Compensation in offing for delayed commuters

13th June 2006, Comments 0 comments

13 June 2006, BRUSSELS — Passengers caught up in Monday's rail delays on the Brussels-Denderleeuw line will be compensated for their inconvenience, the federal government has indicated. Public Enterprises State Secretary Bruno Tuybens said a compensation system was agreed in the most recent contract with Belgian rail NMBS-SNCB. That system must be in place within coming weeks or months.

13 June 2006

BRUSSELS — Passengers caught up in Monday's rail delays on the Brussels-Denderleeuw line will be compensated for their inconvenience, the federal government has indicated.
 
Public Enterprises State Secretary Bruno Tuybens said a compensation system was agreed in the most recent contract with Belgian rail NMBS-SNCB. That system must be in place within coming weeks or months.

Commuters who encounter lengthy, one-off delays or regular short delays in future can expect compensation.

And in regards to Monday's delays, Tuybens' spokesman said the NMBS-SNCB "would not be permitted to remain insensitive to those problems".

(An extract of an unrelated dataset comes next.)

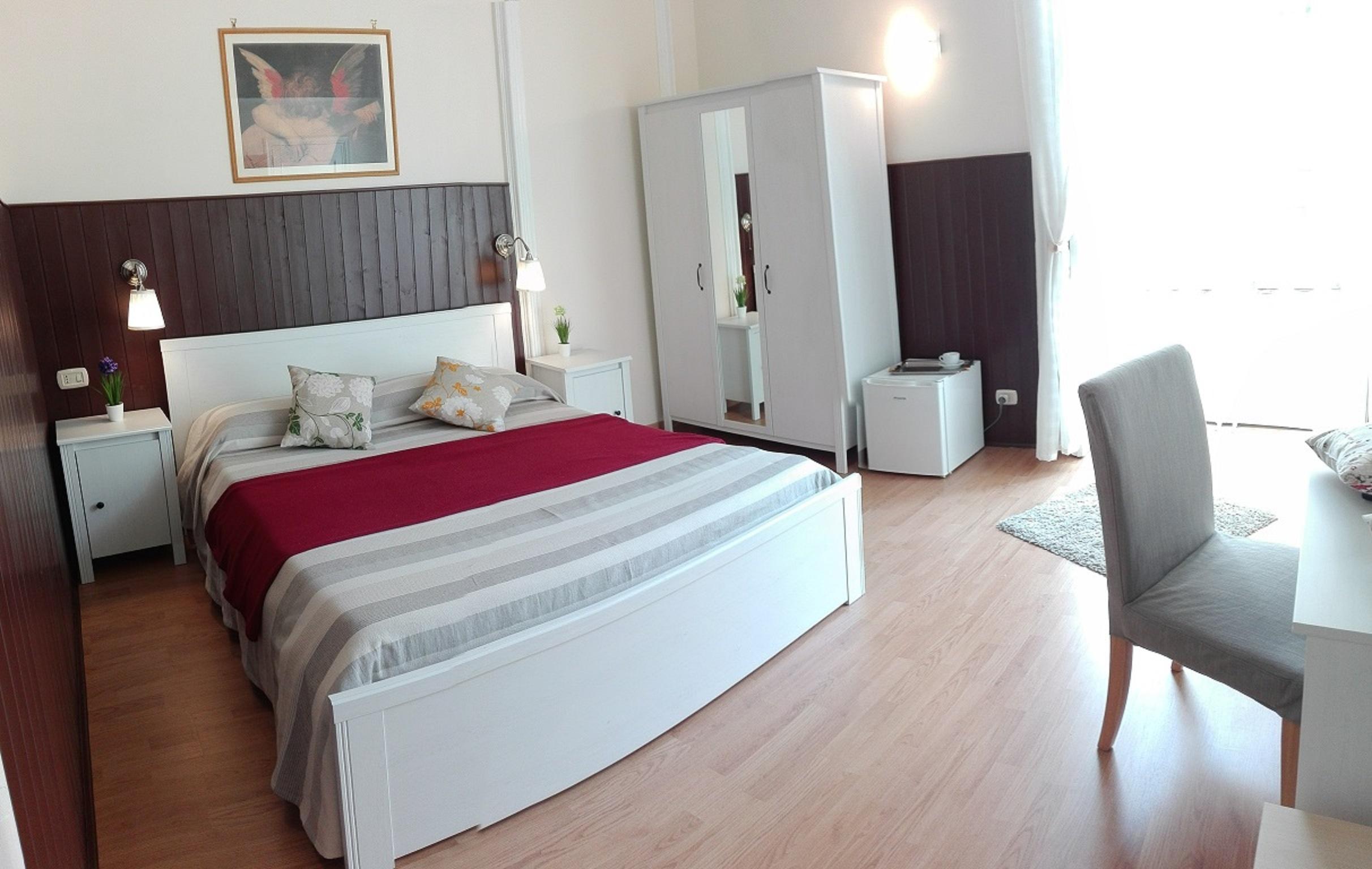 Dimora Novecento Bed and Breakfast Κατάνια Εξωτερικό φωτογραφία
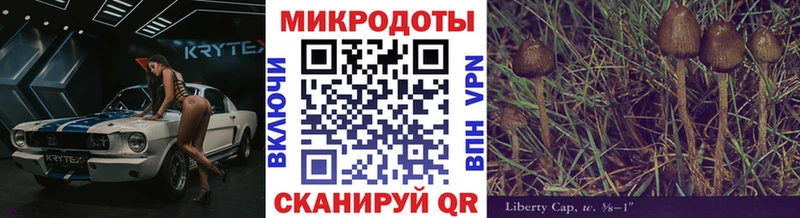 Галлюциногенные грибы мицелий  ОМГ ОМГ ссылки  Тобольск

Meanwhile, the NMBS-SNCB has rejected a proposal from Christian Democrat CD&V MP Jef Van den Bergh that commuters should be alerted via mobile phone text messaging if lengthy delays are expected.

"Such a system would firstly ensure that passengers are well informed over possible problems on the line. Communication to passengers is not really a priority of the NMBS," Van den Bergh said.

Van den Bergh said when purchasing a season ticket, commuters could provide the rail authority with their mobile phone number. The NMBS-SNCB could then alert commuters to any delays on that line by text messages.

But the NMBS-SNCB said it has already examined such a system and decided it is not financially viable.

Passengers in the Netherlands already pay for such a system, but the Belgian rail authority said the service should be provided for free to passengers and is thus too costly.

Repairs to the Brussels-Denderleeuw were partially completed at about 4am on Tuesday after overhead cabling broke due on Monday due to the warm weather. Temporary repairs allowed trains to travel over one track.

Minor delays were therefore still being reported on Tuesday and it is hoped the second line will be re-opened by 6am on Wednesday.

The cabling problems on Monday left 1,400 passengers stranded on three trains and led to delays during the evening rush-hour. Problems were also reported on the same line on Sunday.